SEAN SPERRY/CHRONICLE
Cyclocross rider Kristian Miller plummets toward the ground after taking an obstacle head-on as Jay Rutherford, right, negotiates the dirt pile.
At least that’s how Nathan Phillips, Saturday’s Bobcat Classic race director, describes the start of cyclocross racing.
“It started in farmers’ fields in Belgium in the early 1900s,” Phillips said. “It started before mountain biking, for road cyclists to train,” especially during the fall and winter off-season.
For cyclocross, or ’cross as the name is often shortened, racers compete on what looks like a road bike n larger frame, skinny tires and curved, drop handlebars.
“It’s basically a road bike,” Jason Delmue, the men’s category 4 race winner, said, “but it’s got a little bit extra clearance for tires that are a little bit fatter, and then with traction. And it’s got cantilever brakes.”
The wider style of brake adds more clearance as well, ensuring that mud and other course debris hinder a racer as little as possible.

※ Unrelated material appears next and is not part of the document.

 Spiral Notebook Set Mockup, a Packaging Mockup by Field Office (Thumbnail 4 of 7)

A standard cyclocross race is based more on time than distance. A race lasts for one hour, a short enough time to be considered basically a sprint. Laps on a typical course last between roughly five to eight minutes and each course has its own unique set of obstacles and terrain features.
“The hardest things you can imagine riding over,” Phillips says, “that’s what it is. That makes it interesting.”

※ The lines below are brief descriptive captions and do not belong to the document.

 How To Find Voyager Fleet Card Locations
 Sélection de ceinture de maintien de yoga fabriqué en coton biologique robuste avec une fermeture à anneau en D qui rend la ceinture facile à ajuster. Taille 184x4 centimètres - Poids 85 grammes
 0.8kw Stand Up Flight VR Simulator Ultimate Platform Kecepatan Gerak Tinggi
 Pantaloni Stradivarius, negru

This on-and-off the bike style of racing also traces its origins to the farmers’ fields, where sometimes riders encountered sections that simply couldn’t be ridden. That tradition has been carried into modern course design.
Barriers include natural and artificial features n from dirt mounds and boards placed vertically across the race course that racers must jump over to deep mud and water. Though the Bobcat Classic didn’t include one, staircases are also common obstacles.

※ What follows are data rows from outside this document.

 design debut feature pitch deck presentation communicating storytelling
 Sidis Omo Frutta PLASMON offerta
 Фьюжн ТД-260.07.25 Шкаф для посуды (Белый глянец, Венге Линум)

“The cool part is,” Phillips said, “is that you’re tired, you’re very tired and you’re going as fast as you can right into things that if you don’t get off your bike in the right time your going to just run right into it. And it happens all the time. It’s one of the most difficult sports.”
Cyclocross is also one of the most popular spectator sports in cycling.
“Because the races are in town, usually,” Delmue said, “fans can come, it’s easy for people to get there. Because it’s laps, the racers pass the spectators like six or eight times a race instead of like on a road race where they go 60 miles out.
“It’s the most fun, that’s probably why it’s growing the most.”
Saturday’s race, hosted by the MSU cycling team, was a maze of orange flags and caution tape, outlining the course winding through the fields at the Bozeman Softball Complex. The course’s surfaces included gravel, dirt, mud, grass and asphalt.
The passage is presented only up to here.